I get to work at about 7, and jump right into the day. I talk to my colleagues and friends; I listen, I consult, I plan, I read and write and chat and ask and answer. Words, words and more words.
The students come in at 8:15, and the real day begins. I greet each student with cheerful words, then bring them to order with stern ones. I use inspiring words, cajoling words, empowering words, reminding words. I talk, and talk, and tell and describe and clarify and comment and request. Phew. Words!
Three girls come up to ask me, “Can we speak to you in private?”, and now it is my turn to listen. I sort through the “ums” and “likes” and “kindas” to try to find the problem that prompted the request. I sift through the tangle of words, the intonation, the facial expressions, the gestures. I listen, I ask, I weigh and measure and offer advice. With words.
Lunch is a conversation with a parent, a consultation with another teacher, and a series of questions for the secretary. Words, words, my poor achy brain is choking and gasping with the glut of words.
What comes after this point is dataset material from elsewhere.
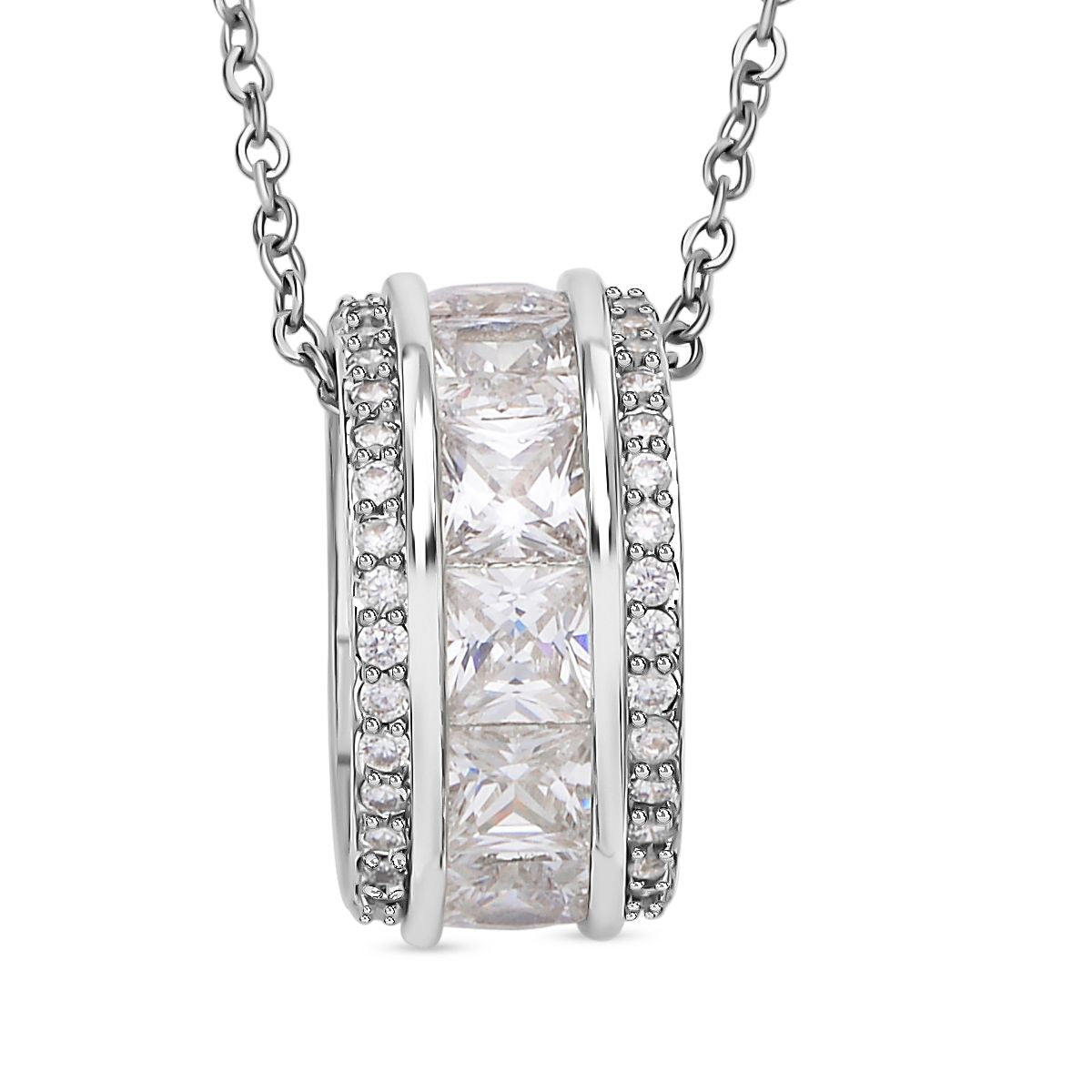 Weißer Zirkonia-Anhänger mit Kette, Messing, ca. 2.50 ct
The afternoon is just like the morning, with more stern words and fewer hilarious ones. Eye contact, touches, smiles, words, thoughts, pats on the shoulder, words and words and words! Words to write, to read, to edit, to circle. Phrases and comments to puzzle over, mull, ponder and monitor.
At 2:45 the last child leaves, and it is off to the meetings, conferences, phone calls and strategy sessions. On-line tutorials (WORDS!), textbooks to read (WORDS!!), emails to send and read and sort and delete.
And then back in the car, where the news of the day drowns me in more words, and I listen and judge and evaluate each one. I try to turn to music, but the lyrics capture me and make me think. I worry in words, I remember in words. I taste and breathe and drink in words and phrases and sentences and paragraphs. I am exhausted with words.
Now when I am walking in the woods, or turning the garden, or trying to fall back to sleep, my fantasies have changed once again.
Now I dream of a tiny cottage on a remote island, looking directly out to sea. My back to the town, the neighbors, those who would communicate with me, my eyes and ears trained on the wordless ocean, I see myself in my fantasy life. My dreaming shows me a quiet, middle aged woman with a job that she does all alone, every day, in a non-verbal world. Maybe she is a painter, or a gardener or a collector of sand dollars. Sometimes I see myself as a shaper of wood; silent, undemanding wood. Working with my hands, and not my mind, and not my voice. Working to shape something beautiful (as I do now), but working with a medium that can’t argue back. I see myself working to please no one else, in a place where there are no egos to coddle or anxieties to ease. No conferences, no conflicts, no challenging behaviors; no futures to touch or shape or craft. No sense of failure for having failed to find just the right words to get through……
In my dreams now, it is just me, without a dashing hero in view. Just me, the endlessly rolling waves, and a sense of mute satisfaction.